In fig. 2, an engine 8 is connected to the driving device 4. The drive device 4 includes a transmission case 5, and the transmission case 5 includes a right case 6, a left case 7, and a cover member 27 in this order from the engine 8 side.

The right housing 6 is connected to an engine 8. The engine 8 has a crankshaft 9 (see fig. 3), and the crankshaft 9 is provided to extend in the width direction of the vehicle 1. That is, the engine 8 of the present embodiment is constituted by a transverse engine, and the vehicle 1 of the present embodiment is a front engine front drive (FF) vehicle.

The left housing 7 is coupled to the opposite side of the engine 8 with respect to the right housing 6. That is, the left housing 7 is coupled to the left side of the right housing 6. A flange portion 6F (see fig. 2) is formed on the left outer peripheral edge of the right housing 6.

In fig. 1 and 2, a flange portion 7F is formed on the outer peripheral edge of the right side of the left case 7. The flange portion 6F of the right case 6 and the flange portion 7F of the left case 7 are joint portions of the right case 6 and the left case 7, and end surfaces in the left-right direction are joint surfaces (joint surfaces) that overlap each other and are joined.

As shown in fig. 1, a plurality of boss portions 7F are provided along the flange portion 7F, and boss portions 7F into which bolts 23A are inserted are provided in the flange portion 7F.

A plurality of boss portions, not shown, that match the boss portions 7F are formed in the flange portion 6F, and the boss portions of the flange portion 6F and the boss portions 7F of the flange portion 7F are fastened by bolts 23A (see fig. 1), whereby the right housing 6 and the left housing 7 are fastened and integrated.

An end surface facing the left-right direction is formed on the left outer peripheral edge of the left housing 7, and the left outer peripheral edge of the left housing 7 is a joint surface (mating surface) that is joined to the outer peripheral edge of the cover member 27 by overlapping with each other.

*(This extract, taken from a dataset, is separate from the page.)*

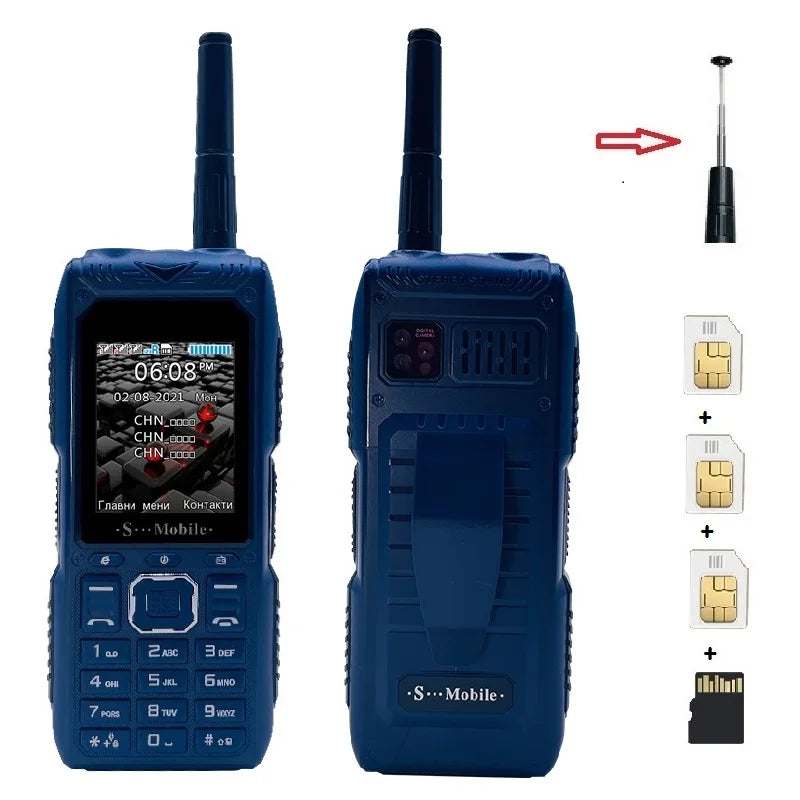 S555 Three Cards Three Standby Outdoor Mobile Phone Standby Long Can Pull Up Antenna Signal Strongly Send Waist Clip ( EU/USA ) Peaceful Pleasures Health and Wellness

At the outer peripheral edge of the cover member 27, a plurality of boss portions into which the bolts 23B are inserted are provided along the outer peripheral edge, and the cover member 27 is fixed to the left outer peripheral edge of the left housing 7 by the bolts 23B.

The right housing 6 houses a clutch 10 (see fig. 3). The left case 7 houses an input shaft 11, a forward output shaft 12, a reverse output shaft 13, a final reduction mechanism 14, and a differential device 15 shown in fig. 3.

The input shaft 11, the forward output shaft 12, and the reverse output shaft 13 are provided in parallel in the left-right direction of the vehicle. The forward output shaft 12 of the present embodiment constitutes the output shaft of the present invention.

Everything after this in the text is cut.